Could you set down exactly the lines in the records below between the line holding "Radio Maulina 90.7 FM" and the line holding "Los Días Libres de Kanata : página 16", inclusive?

* _DATASET EXTRACT_:
________

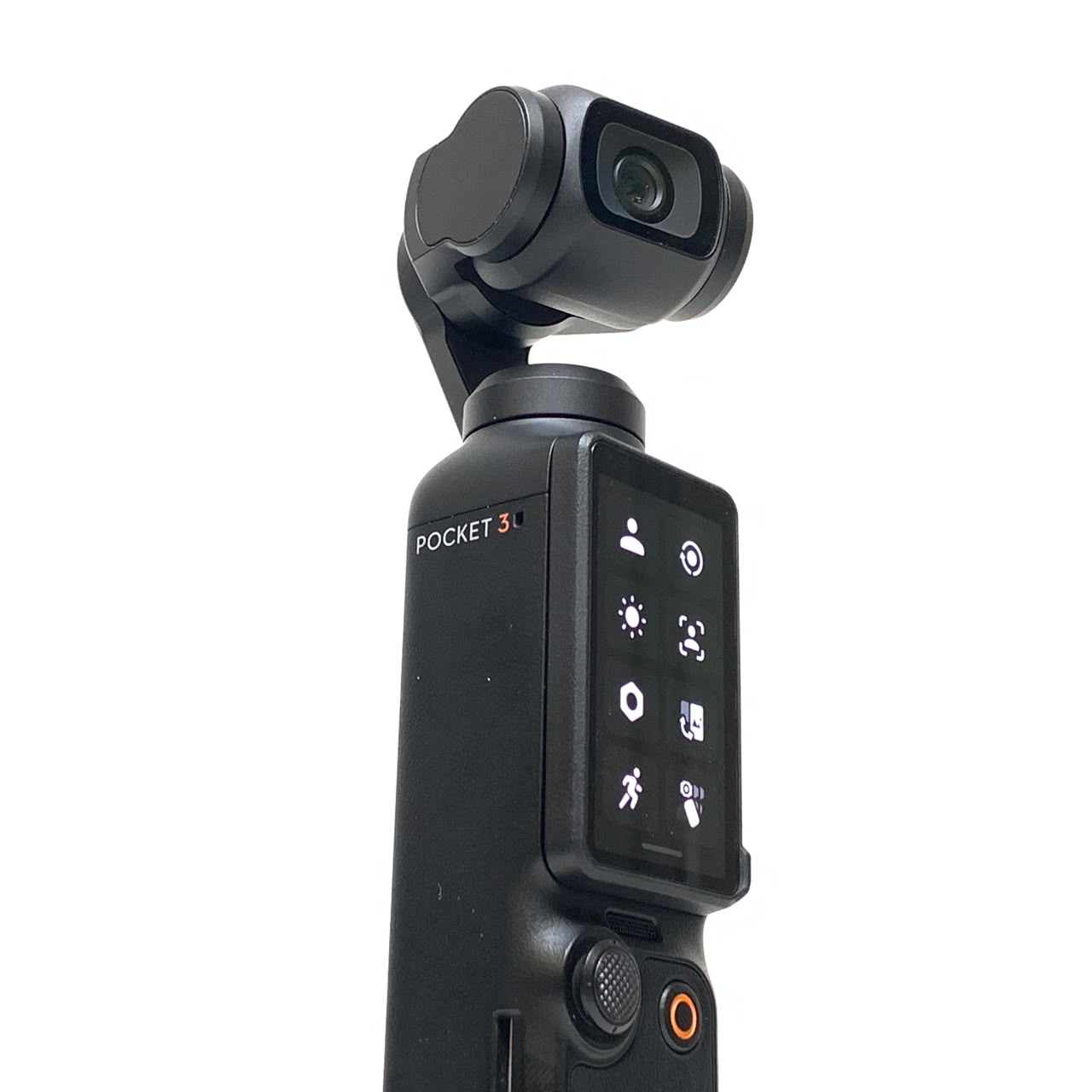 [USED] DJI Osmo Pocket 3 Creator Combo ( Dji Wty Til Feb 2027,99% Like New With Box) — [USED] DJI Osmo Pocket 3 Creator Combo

________

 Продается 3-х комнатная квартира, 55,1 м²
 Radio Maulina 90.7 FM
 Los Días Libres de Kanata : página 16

________

* _SOLVED EXERCISE_:
 Radio Maulina 90.7 FM
 Los Días Libres de Kanata : página 16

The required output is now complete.